Abstract

A prerequisite for any animal's survival is the ability to make decision about its sensory world. Here we show that (1) Drosophila can make discrete and firm choices among behavioural alternatives on the basis of small difference in the saliency of visual cues( color/shape and color/position dilemma); (2) Mushroom bodies in Drosophila brain are likely site for such choice behavior; (3) Dopamine neurons in Drosophila play a key role in the coding of negative reward (or punishment) probability and uncertainty behavior. Information received by the nervous system through multiple sensory modalities must be processed in an integrated manner.
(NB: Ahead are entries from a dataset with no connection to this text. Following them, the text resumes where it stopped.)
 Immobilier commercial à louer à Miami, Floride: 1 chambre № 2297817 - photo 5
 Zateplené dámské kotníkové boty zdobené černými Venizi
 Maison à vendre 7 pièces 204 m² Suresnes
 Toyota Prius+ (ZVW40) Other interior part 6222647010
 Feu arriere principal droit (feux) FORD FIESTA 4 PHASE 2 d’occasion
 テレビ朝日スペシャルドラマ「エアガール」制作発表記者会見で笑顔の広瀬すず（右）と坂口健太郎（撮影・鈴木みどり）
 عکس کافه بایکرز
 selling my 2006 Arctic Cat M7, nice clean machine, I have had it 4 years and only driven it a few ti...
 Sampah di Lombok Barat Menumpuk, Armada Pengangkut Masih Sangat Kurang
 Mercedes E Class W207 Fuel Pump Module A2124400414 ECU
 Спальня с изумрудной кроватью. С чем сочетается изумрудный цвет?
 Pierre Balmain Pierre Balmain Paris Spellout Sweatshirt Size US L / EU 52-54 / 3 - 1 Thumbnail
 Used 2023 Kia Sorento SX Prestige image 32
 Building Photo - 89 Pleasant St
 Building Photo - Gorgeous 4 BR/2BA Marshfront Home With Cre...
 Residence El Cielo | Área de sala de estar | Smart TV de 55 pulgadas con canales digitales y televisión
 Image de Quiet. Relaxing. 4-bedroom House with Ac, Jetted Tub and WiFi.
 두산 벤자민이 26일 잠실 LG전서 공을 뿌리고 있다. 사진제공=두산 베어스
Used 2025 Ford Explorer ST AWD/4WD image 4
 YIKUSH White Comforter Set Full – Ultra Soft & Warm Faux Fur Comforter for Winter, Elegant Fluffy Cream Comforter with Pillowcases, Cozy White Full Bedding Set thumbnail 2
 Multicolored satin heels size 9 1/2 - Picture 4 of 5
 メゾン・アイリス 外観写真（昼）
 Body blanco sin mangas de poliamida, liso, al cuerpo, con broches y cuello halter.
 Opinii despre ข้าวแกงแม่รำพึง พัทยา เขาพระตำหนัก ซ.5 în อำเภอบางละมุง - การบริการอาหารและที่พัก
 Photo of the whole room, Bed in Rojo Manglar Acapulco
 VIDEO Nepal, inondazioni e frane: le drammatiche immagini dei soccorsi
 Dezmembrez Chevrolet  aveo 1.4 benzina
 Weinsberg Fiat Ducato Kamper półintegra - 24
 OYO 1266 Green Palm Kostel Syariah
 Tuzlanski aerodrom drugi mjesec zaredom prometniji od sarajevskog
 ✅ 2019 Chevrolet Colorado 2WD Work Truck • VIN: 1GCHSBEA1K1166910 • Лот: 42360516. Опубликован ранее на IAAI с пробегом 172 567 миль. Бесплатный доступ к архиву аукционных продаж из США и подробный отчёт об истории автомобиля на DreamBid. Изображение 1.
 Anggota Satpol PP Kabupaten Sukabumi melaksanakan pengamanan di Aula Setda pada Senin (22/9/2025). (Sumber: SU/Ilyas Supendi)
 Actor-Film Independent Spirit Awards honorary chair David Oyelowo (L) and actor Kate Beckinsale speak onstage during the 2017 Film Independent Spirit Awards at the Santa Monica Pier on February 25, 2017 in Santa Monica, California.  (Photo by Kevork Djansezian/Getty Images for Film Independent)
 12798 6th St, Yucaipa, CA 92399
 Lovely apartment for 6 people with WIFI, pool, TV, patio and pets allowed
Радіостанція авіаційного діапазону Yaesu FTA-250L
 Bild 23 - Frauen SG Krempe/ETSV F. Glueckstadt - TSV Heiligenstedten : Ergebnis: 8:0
Different modalities of sensation interact in a synergistic or antagonistic manner during sensory perception, but whether there is also interaction during memory acquisition is largely unknown. in Drosophila reinforcement learning, we found that conditioning with concurrent visual and olfactory cues facilitated memory acquisition near the threshold level that was ineffective for unimodal conditioning and that this bimodal conditioning reduced the threshold for unimodal memory retrieval. Furthermore, bimodal preconditioning followed by unimodal conditioning with either visual or olfactory cue led to crossmodel memory transfer. Thus crossmodal memory acquisition exists in Drosophila and interactions between sensory modalities may play an important role for learning in a natural environment.